Como para compensar esa lascivia que parece invadirla día a día, sabiendo en su fuero íntimo que no es conducta propia de una soberana, ordena repartir entre la gente de la aldea una generosa cantidad de alimentos y granos, ocupándose personalmente que nada de aquello quede en mano de los vasallos que ejecutan sus ordenes. El vulgo vitorea asombrado a aquella soberana que, aunque extranjera y poco querida, cabalga ahora sobre un brioso potro fiscalizando la tarea de los pajes, ignorando que esta a su vez se pregunta con curiosidad quienes de aquellos fornidos y bellos efebos han sido los que tanto la complacieran.
Cuando Stephen regresa cuatro días después, encuentra trastocado ese orden tan cuidadosamente elaborado desde la marcha del Rey, especulando con el resentimiento que el pueblo guardara hacia su reina a causa de su condición de extranjera y el altivo encierro en que se mantuviera siempre, fueran campo propicio para ejecutar las siniestras maniobras que lo llevarían finalmente al poder.
Enojado consigo mismo por haber confiado en la hermosa ligereza inconsciente de la germana, no se demora en cobrar venganza, acudiendo esa misma noche a los aposentos reales y sometiendo a la soberana a la más estrepitosa de las noches que los dos tuvieran memoria y que a ella, en vez de vindicativa, le parece tan deliciosa como la que sostuviera con los pajes y Eleanor. Luego de poseerla durante horas hasta que ella misma le pide clemencia ante la opresión desmedida, él se retira llevándose como botín subrepticio algunas prendas de ropa que, bordadas con las iniciales de la Reina no pueden menos que pertenecer a su ajuar íntimo.
Pretextando obligaciones de Estado, él vuelve a partir en una nueva gira en la que estrecha ciertos pactos preexistentes con algunos nobles del reino y que favorecerán su conjura al abrigo de las evidentes muestras físicas de la concupiscencia de la soberana y cuyo conocimiento comienza a esparcirse por las distintas comarcas, divulgados por las picarescas canciones y romanzas de los juglares, rapsodas y troveros.
En tanto se suceden estos hechos, con la alegría de sentirse una mujer completa por la feliz intensidad con que vive sus noches en las que la inefable Eleanor comparte los favores de los mancebos escuderos que la sensibilidad de su cuerpo le hace comprobar no son siempre los mismos, Ingrid consume la calmosa placidez de los días veraniegos alternando sus visitas a distintas aldeas con las fatigosas cacerías en las que da rienda suelta a su ancestral fiereza.

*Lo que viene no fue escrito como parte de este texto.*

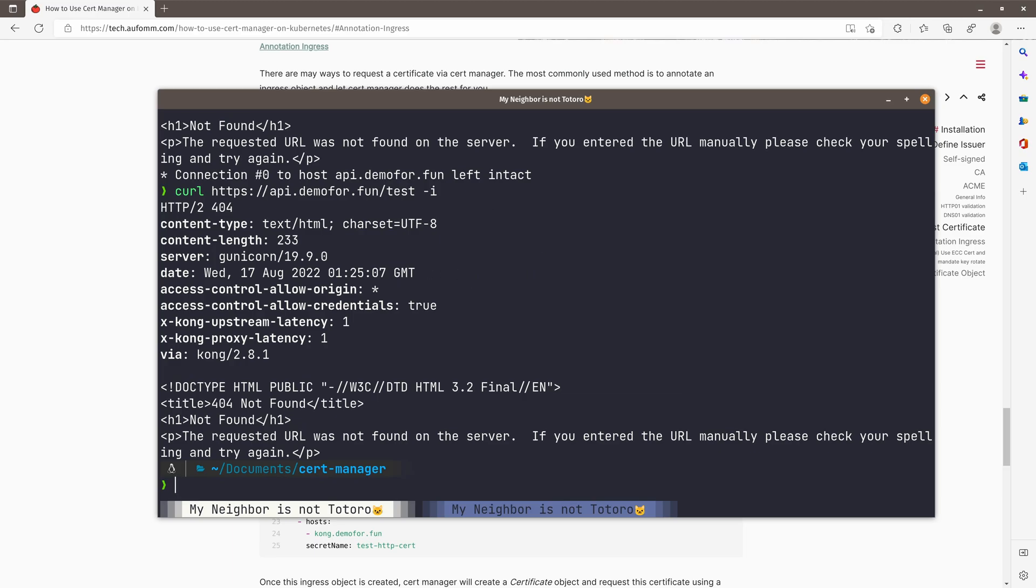This is how easy it is for the Cert Manager to create and manage the certificate on your behalf. And you don't need to worry about renewing certificate as well, because Cert Manager will do that for you. So that's all I want to show you today. If you have any questions, please leave your comments down below. I will try my best to get back to you. Thank you for watching. See you next time. Goodbye.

Repentinamente llega la noticia que los captores de su esposo, tras recibir la fortuna que se enviara para su rescate acaban de liberarlo y se encuentra a dos días de llegar a la costa que separa al reino del continente. Alarmado por la noticia, Stephen retorna prontamente, ya que él había movido ciertas conexiones con los musulmanes para que no cumplieran con el convenio y, en cambio, asesinaran al monarca.

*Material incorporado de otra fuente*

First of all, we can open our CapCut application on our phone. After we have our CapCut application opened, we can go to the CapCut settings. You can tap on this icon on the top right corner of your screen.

Sin embargo, Ingrid demuestra ser tanto o más astuta que él y comprobando la sustracción de su ajuar, urde con Eleanor un plan no sólo para desenmascarar al Duque sino para eliminarlo. Seducidos hasta la admiración, los lacayos que la han disfrutado y aun lo hacen, difunden a un grupo de caballeros leales al Rey la sustracción de la prendas y la conjura del Duque, quien pretende asesinar a la soberana ante la vuelta del gobernante y esa noche, cuando Stephen irrumpe en su cuarto tras atravesar los laberínticos pasadizos secretos, es interceptado por los guerreros que creen estar defendiendo el honor y la vida de su soberana. Luego de un tumultuoso y feroz combate que se desarrolla en la oscuridad de la Torre Blanca donde supuestamente duerme Ingrid, el Regente cae mortalmente herido a causa de su desmedida ambición.

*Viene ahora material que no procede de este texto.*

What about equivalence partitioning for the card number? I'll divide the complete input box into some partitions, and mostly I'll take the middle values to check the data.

En la mañana, la noticia de que el Regente ha intentado violar y matar a la Reina se esparce rápidamente y son numerosos los caballeros que acuden al castillo para manifestarle su apoyo incondicional, especialmente ahora que el Rey se encuentra tan cercano. Es esa misma cercanía y la muerte del Regente la que impulsa a los conjurados a impedir la llegada del soberano a la isla, ya que su vuelta viene a trastocar la situación de numerosos nobles que han aprovechado su ausencia para cobrar mayor poder e incrementar sus riquezas despóticamente, medrando sobre los intereses del pueblo. Formando un ejército relativamente poderoso y confiando en lo menguado de las fuerzas reales después de tan largo y fatigoso camino, se embarcan para emboscarlo en tierras neutrales del continente.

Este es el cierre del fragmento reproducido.